◆ Task description ◆
Pictures must not appear in the copy. Restate exactly the lines below from the one with "Seth Robbins/Stars and Stripes" through the one with "Introducing a one-of-a-kind", inclusive.

◆ Data section ◆
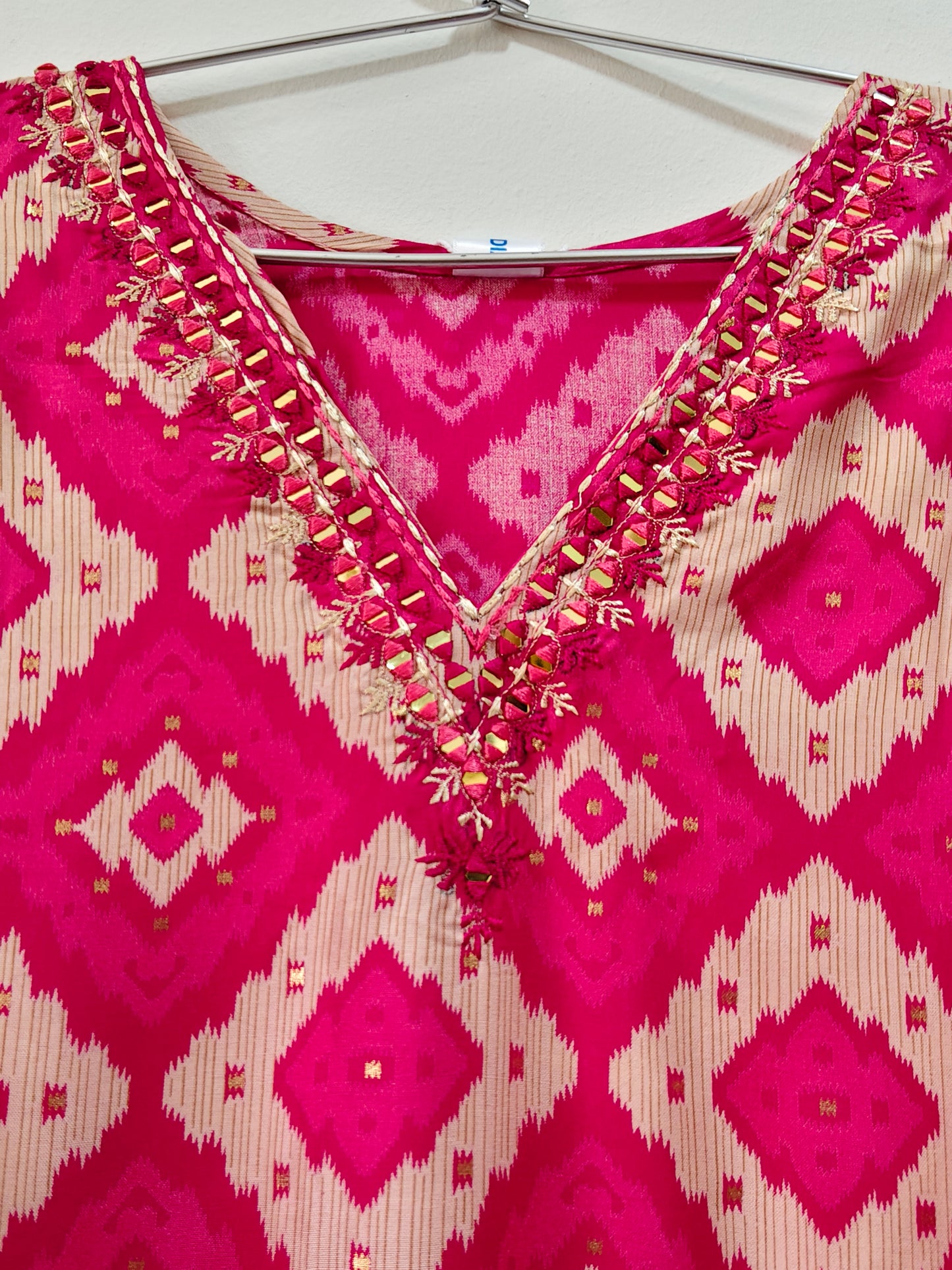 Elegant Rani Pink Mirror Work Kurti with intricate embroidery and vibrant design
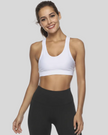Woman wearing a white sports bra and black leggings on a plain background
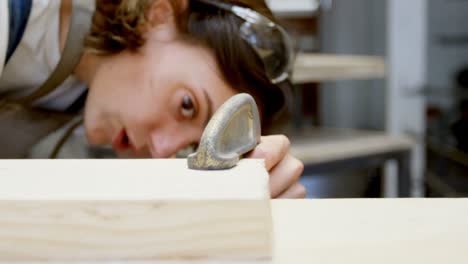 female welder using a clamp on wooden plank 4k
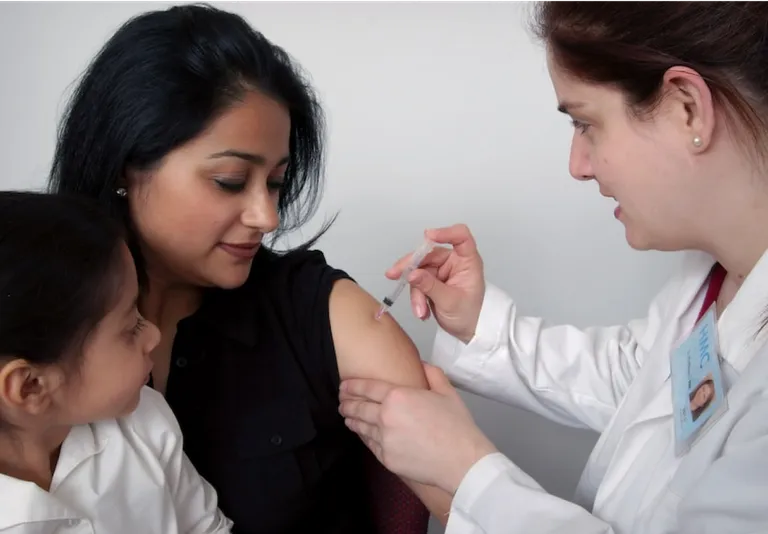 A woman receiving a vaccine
* * *
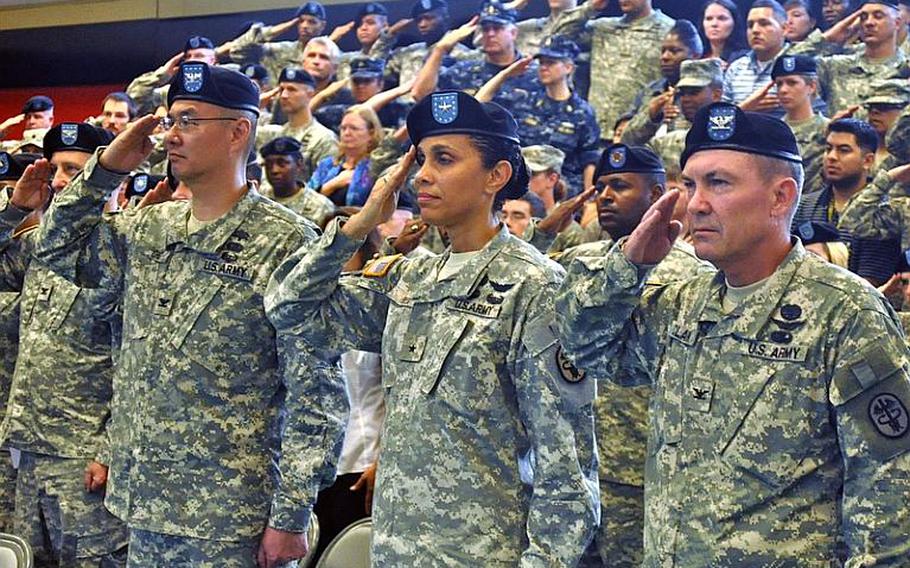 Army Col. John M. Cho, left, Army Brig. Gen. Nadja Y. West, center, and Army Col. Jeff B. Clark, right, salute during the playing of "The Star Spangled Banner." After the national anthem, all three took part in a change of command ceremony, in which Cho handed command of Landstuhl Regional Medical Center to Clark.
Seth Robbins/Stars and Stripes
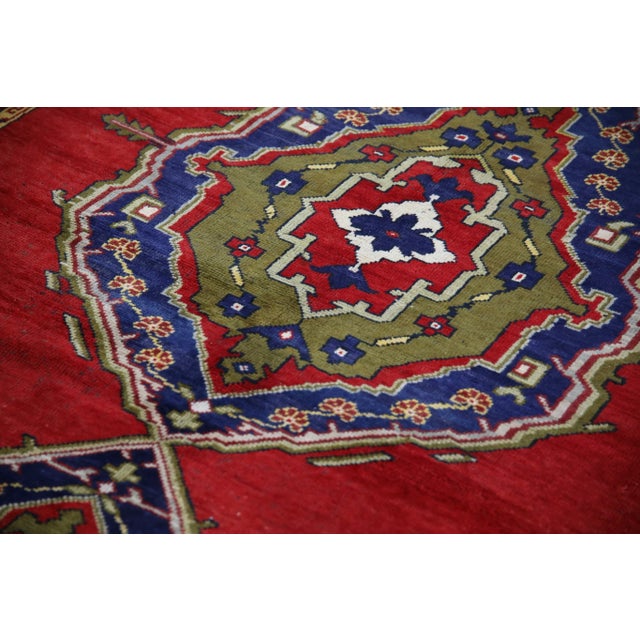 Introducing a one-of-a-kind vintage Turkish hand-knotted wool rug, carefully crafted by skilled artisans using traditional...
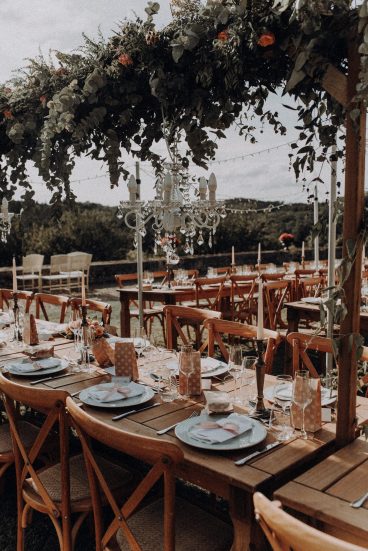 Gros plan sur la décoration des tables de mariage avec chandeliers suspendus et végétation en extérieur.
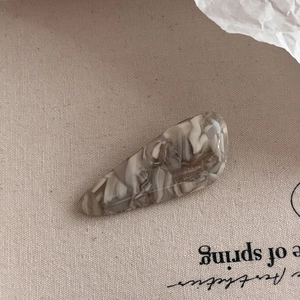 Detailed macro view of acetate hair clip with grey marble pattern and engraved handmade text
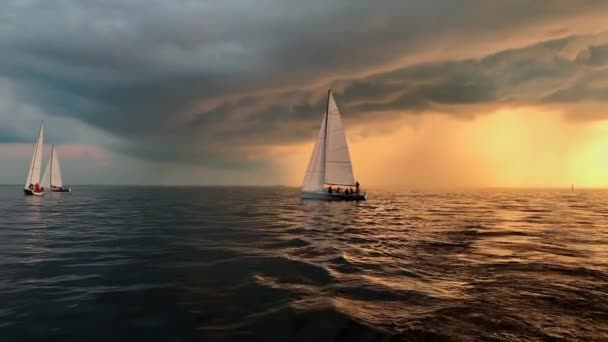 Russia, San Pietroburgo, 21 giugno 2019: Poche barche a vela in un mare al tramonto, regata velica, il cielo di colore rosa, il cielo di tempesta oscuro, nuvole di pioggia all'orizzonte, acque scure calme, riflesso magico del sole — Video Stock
...
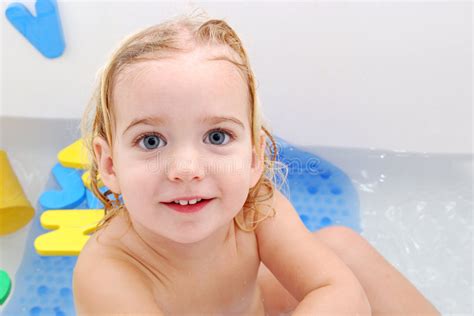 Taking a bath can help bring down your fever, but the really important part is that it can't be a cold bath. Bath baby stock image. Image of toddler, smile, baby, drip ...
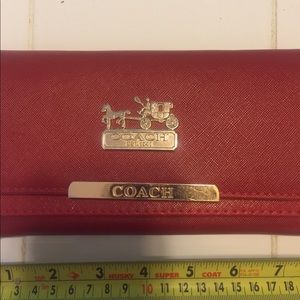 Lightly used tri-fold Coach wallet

◆ Exercise result ◆
Seth Robbins/Stars and Stripes
 Introducing a one-of-a-kind vintage Turkish hand-knotted wool rug, carefully crafted by skilled artisans using traditional...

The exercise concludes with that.